What is required: Using the data below, reproduce exactly the lines from the line with "Empressco Bambu Kapaklı" to the line with "0基础可学！《女人不易》竖屏", both included; pictures must be dropped.
---------- Records supplied ----------
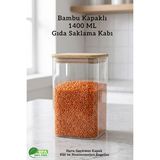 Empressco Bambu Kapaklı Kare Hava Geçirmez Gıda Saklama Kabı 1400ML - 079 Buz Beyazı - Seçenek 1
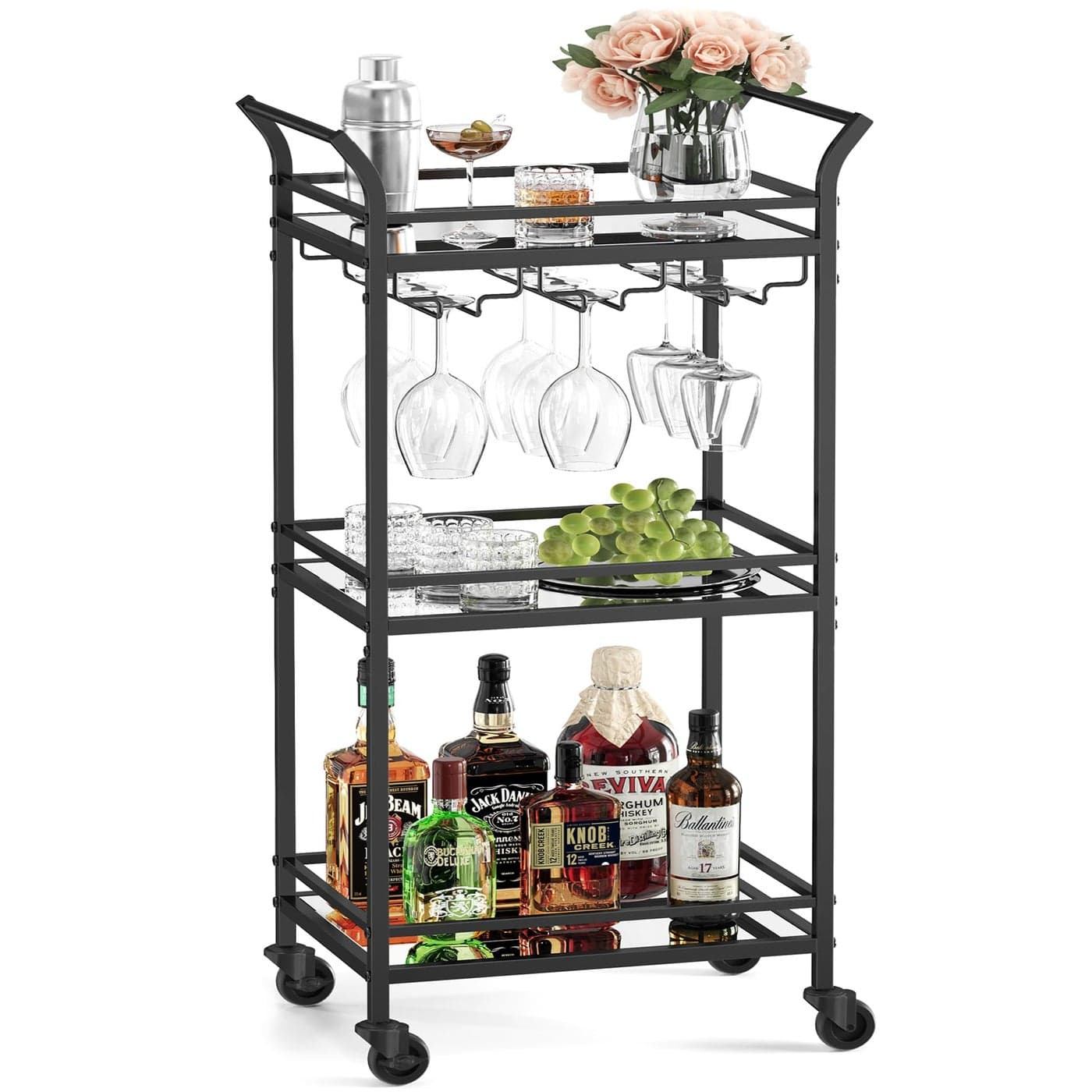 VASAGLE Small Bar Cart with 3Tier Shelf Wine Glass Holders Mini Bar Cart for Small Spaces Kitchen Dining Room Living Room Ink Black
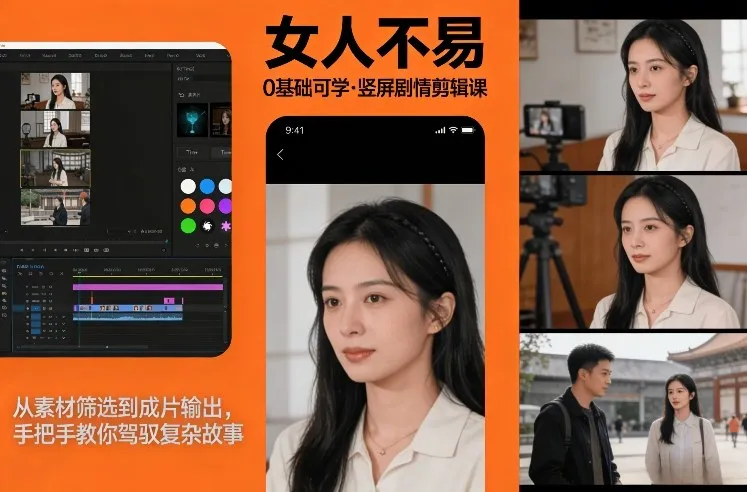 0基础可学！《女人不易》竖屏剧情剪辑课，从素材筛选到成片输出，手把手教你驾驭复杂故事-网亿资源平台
----------
---------- Records supplied ----------
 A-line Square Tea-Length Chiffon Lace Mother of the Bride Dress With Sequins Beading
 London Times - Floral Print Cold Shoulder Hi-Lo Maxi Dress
----------
Completed exercise:
 Empressco Bambu Kapaklı Kare Hava Geçirmez Gıda Saklama Kabı 1400ML - 079 Buz Beyazı - Seçenek 1
 VASAGLE Small Bar Cart with 3Tier Shelf Wine Glass Holders Mini Bar Cart for Small Spaces Kitchen Dining Room Living Room Ink Black
 0基础可学！《女人不易》竖屏剧情剪辑课，从素材筛选到成片输出，手把手教你驾驭复杂故事-网亿资源平台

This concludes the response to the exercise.